■ Dataset excerpts ■
---
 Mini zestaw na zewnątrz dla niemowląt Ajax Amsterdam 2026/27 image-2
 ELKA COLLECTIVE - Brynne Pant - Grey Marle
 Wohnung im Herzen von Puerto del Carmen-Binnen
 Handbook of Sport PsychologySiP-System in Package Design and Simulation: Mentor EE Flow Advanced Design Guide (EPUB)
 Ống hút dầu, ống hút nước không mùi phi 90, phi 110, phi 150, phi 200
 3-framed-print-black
---
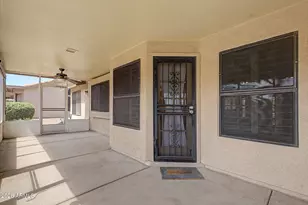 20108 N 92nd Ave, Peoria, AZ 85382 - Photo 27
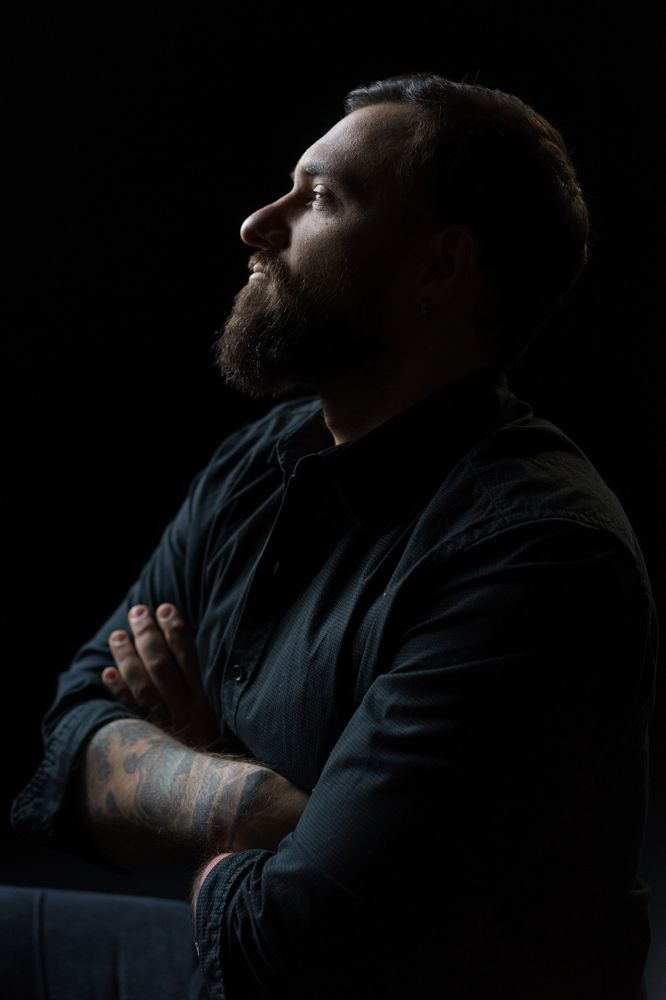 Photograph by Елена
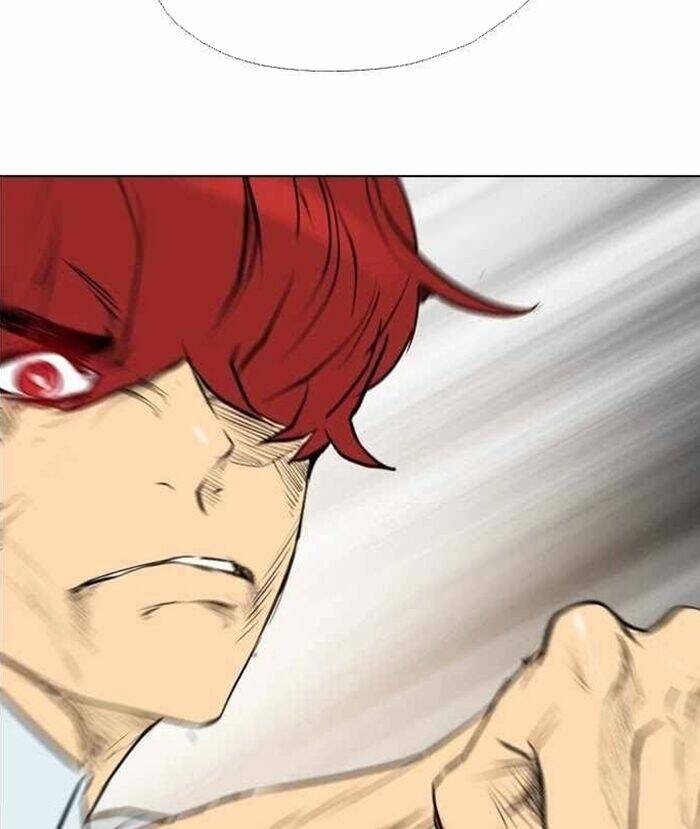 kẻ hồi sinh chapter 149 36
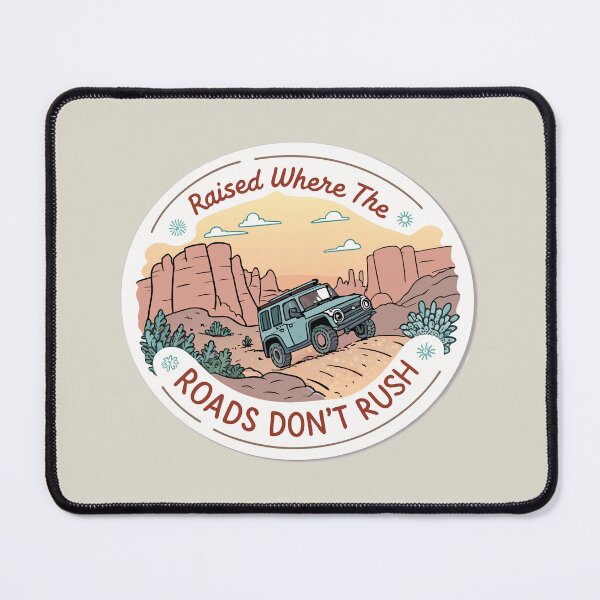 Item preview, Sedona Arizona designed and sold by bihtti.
---
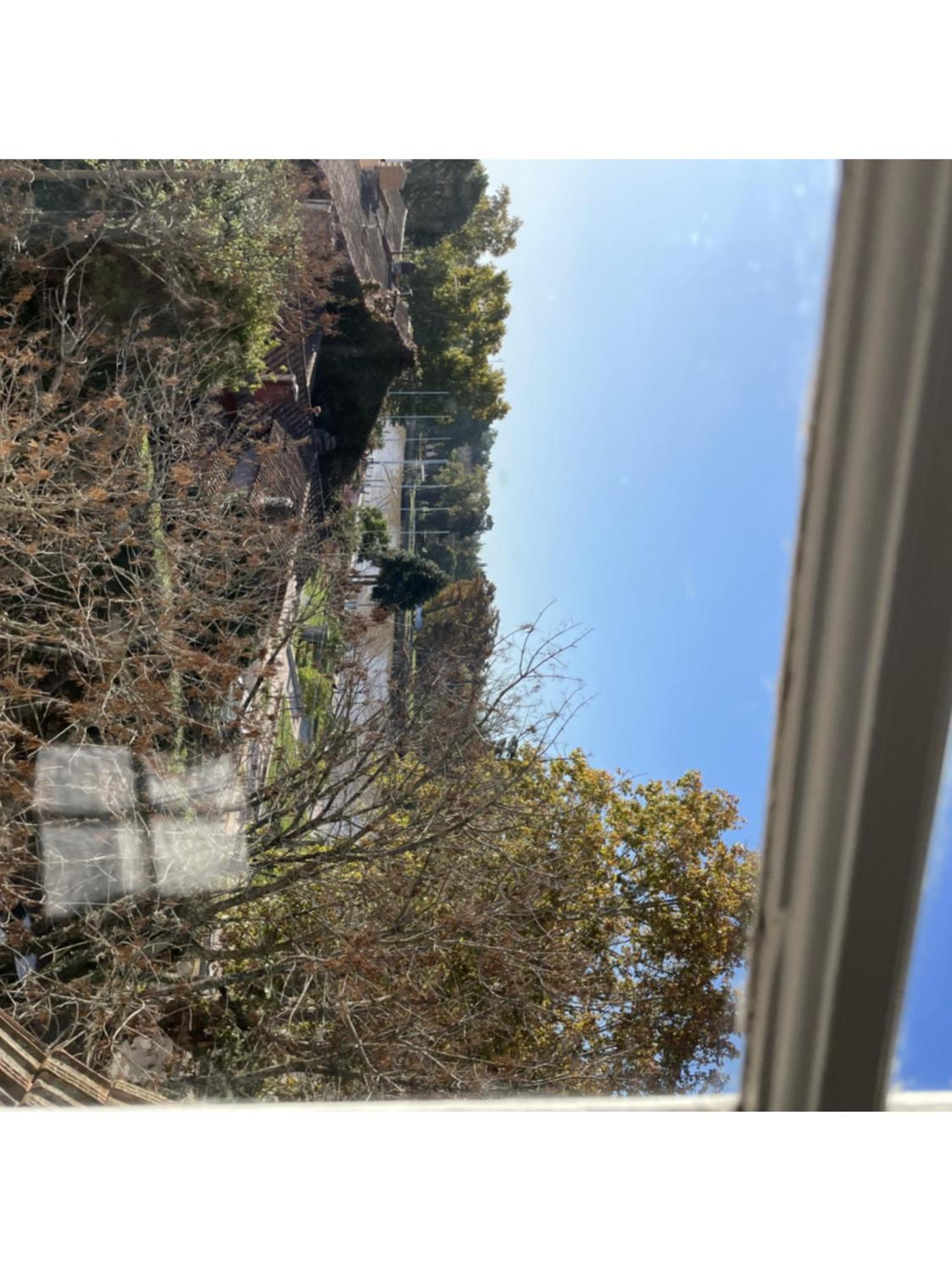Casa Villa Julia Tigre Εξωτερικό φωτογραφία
---
Copy exactly, without pictures, the lines above from the one with "20108 N 92nd" down to the one with "Item preview, Sedona", inclusive.

■ Answer ■
 20108 N 92nd Ave, Peoria, AZ 85382 - Photo 27
 Photograph by Елена
 kẻ hồi sinh chapter 149 36
 Item preview, Sedona Arizona designed and sold by bihtti.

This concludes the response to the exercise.